“85 Persen Saja! Proyek Jalan Nasional Molosipat-Lambunu Gagal Tuntas Tepat Waktu, Masuk Masa Denda”

Tumpukan batu dan pasir yang belum terkelola dengan baik terlihat di ruas jalan Molosipat-Lambunu, (Foto Istimewa)

Harianmetropolis.com, Sulawesi Tengah – Proyek ambisius preservasi jalan nasional Molosipat-Lambunu, yang menjadi urat nadi transportasi masyarakat Sulawesi Tengah, gagal tuntas tepat waktu! Hingga batas akhir kontrak pada 31 Desember 2024, progres pekerjaan baru mencapai 85 persen, memaksa pelaksana proyek, PT Bina Kaili, untuk menyelesaikan sisa pekerjaan dalam masa denda.

Menurut Heriyanto, ST, MT, selaku PPK 2.1 Sulawesi Tengah, dalam konfirmasi melalui pesan WhatsApp, Minggu (29/12/2024), pihaknya mengakui keterlambatan tersebut. “Progres fisik hingga 31 Desember baru mencapai 85 persen. Sisanya akan kami kejar dalam masa denda sesuai mekanisme kontrak,” ungkapnya.

Masyarakat yang sehari-hari menggunakan jalur ini kini merasakan dampak ketidakselesaian proyek. Jalan yang belum selesai menimbulkan gangguan terhadap mobilitas, dan menambah kekhawatiran bagi pengguna jalan selama arus balik libur Natal dan Tahun Baru. “Kami berharap proyek ini selesai tepat waktu. Namun, kenyataannya masih jauh dari selesai,” ujar Ridwan, seorang sopir truk yang sering melintasi jalur tersebut.

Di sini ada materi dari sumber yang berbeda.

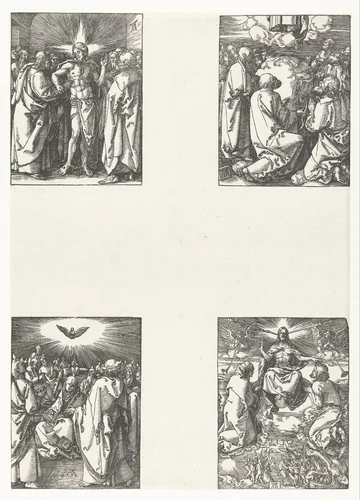 Ongelovige Tomas, Hemelvaart, Pinksteren, Laatste Oordeel by Unknown, print, 1510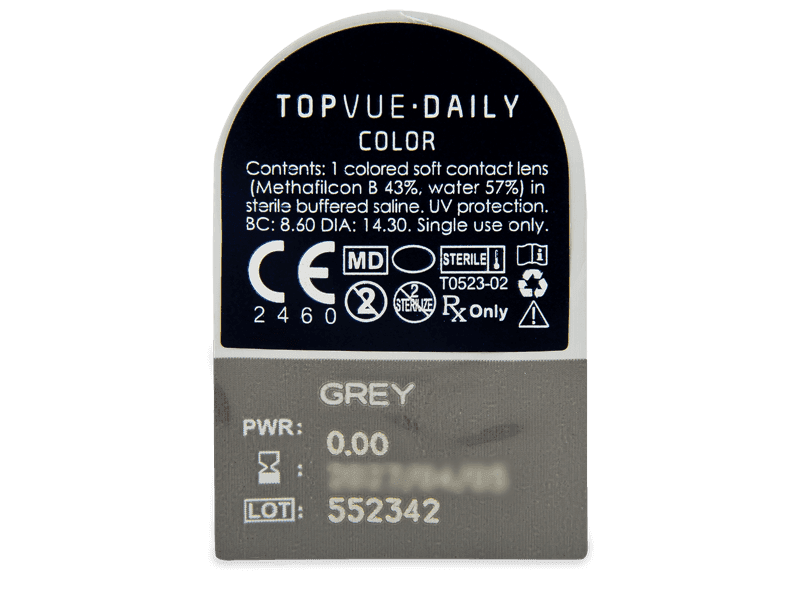 TopVue Daily Color - Grey - Lente kozmetike ditore (2 lente) thumbnail 6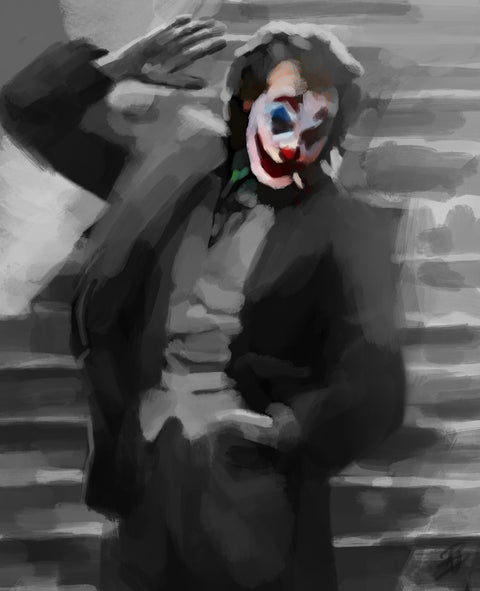 Clown Face Wall Art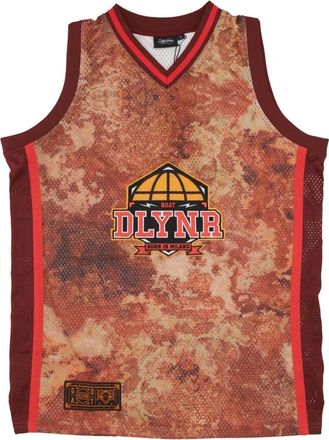 Dolly Noire Basketbal Mesh Tanktop Oranje - Heren - Tops zonder mouwen - Veelkleurig - S - Polyester - Tops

Dalam kontrak proyek, denda keterlambatan diatur berdasarkan Peraturan Presiden Republik Indonesia Nomor 16 Tahun 2018 tentang Pengadaan Barang/Jasa Pemerintah. Pasal 56 Ayat (2) menyatakan bahwa jika pelaksana proyek terlambat menyelesaikan pekerjaan, maka dapat dikenakan denda sebesar 1/1000 dari nilai kontrak per hari keterlambatan. Dengan nilai proyek sebesar Rp25,92 miliar, PT Bina Kaili dapat menghadapi denda yang cukup besar setiap harinya. Namun, apakah denda ini cukup untuk memastikan proyek selesai tepat waktu dan dengan kualitas yang memadai?

Yudi Prasetyo, seorang tokoh pemuda kab. parigi moutong, menilai bahwa keterlambatan ini menunjukkan pentingnya pengawasan yang lebih ketat selama proses pelaksanaan proyek. “Pengawasan yang lebih intensif sangat diperlukan. Denda saja tidak cukup tanpa ada jaminan kualitas dalam penyelesaian proyek,” ujarnya.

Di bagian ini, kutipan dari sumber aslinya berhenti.